With an aim to bring in more transparency in raising of funds through non-convertible preference shares, market regulator
Sebi on Friday announced a new set of regulations to govern issuance and listing of such securities.
To safeguard the interest of small investors from such high-risk securities, Sebi also said that the listing of privately placed non-convertible redeemable preference shares would require a minimum application size of Rs 10 lakh for each investor.
Besides, the public issuance of such shares would require a minimum three-year tenure for the instruments and a minimum rating of 'AA-' or equivalent investment grade, the market regulator Sebi said in a statement after its board meeting.
There have been many instances of public investors being taken for a ride through sale of such shares, as there have been ambiguity about regulations governing them.

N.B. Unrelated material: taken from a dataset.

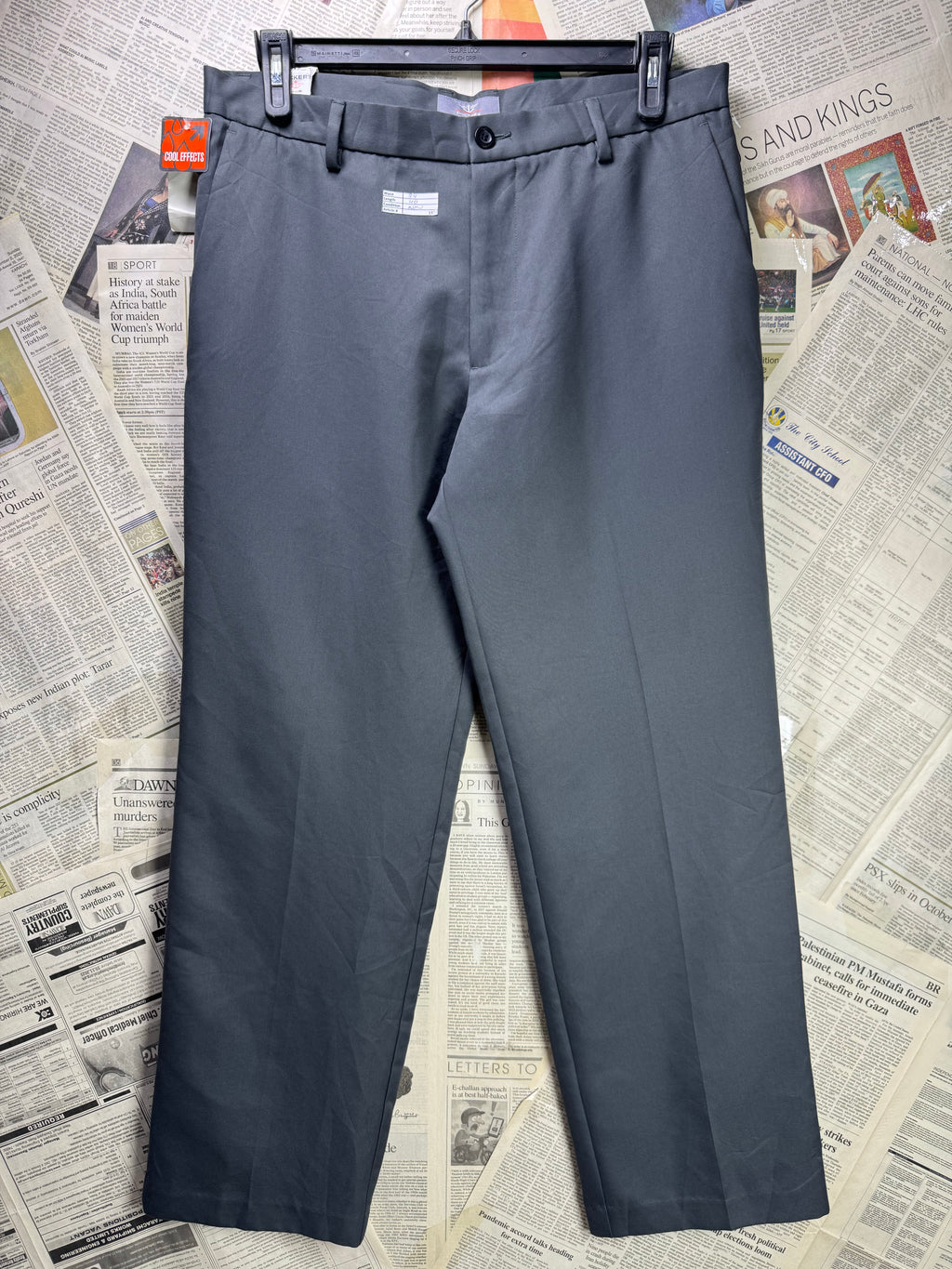 D*ckers® Waist: 34" | Grey | Straight Fit Dress Pants | Poly | 1371 - Genuine Maal
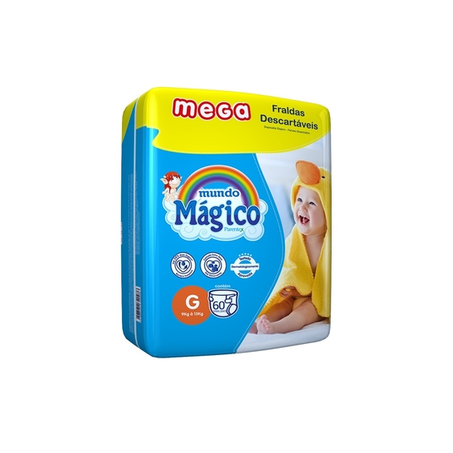 Fralda Mundo Magico Mega G com 60 Unidades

At the same time, a defined framework for issuance and listing of such shares would also make it easier for banks and infrastructure companies to garner funds through this route.
Preference share is an equity security with properties of both an equity and a debt instrument. It usually carries no voting rights, but may carry a dividend.
Sebi said that its board has approved the SEBI (Issue and Listing of non-convertible redeemable preference shares) Regulations, 2013 to provide a comprehensive regulatory framework for issuance and listing of non-convertible redeemable preference shares.
Sebi said that the new regulations would be applicable to issuances by banks of non-equity instruments such as Perpetual Non-Cumulative Preference Shares and Innovative Perpetual Debt Instruments, which are in compliance with the specified criteria for inclusion in Additional Tier I Capital.
Such instruments can be issued by banks to meet Basel III norms.
Indian companies have raised over Rs 25,000 crore through preference share issuance in the last three years.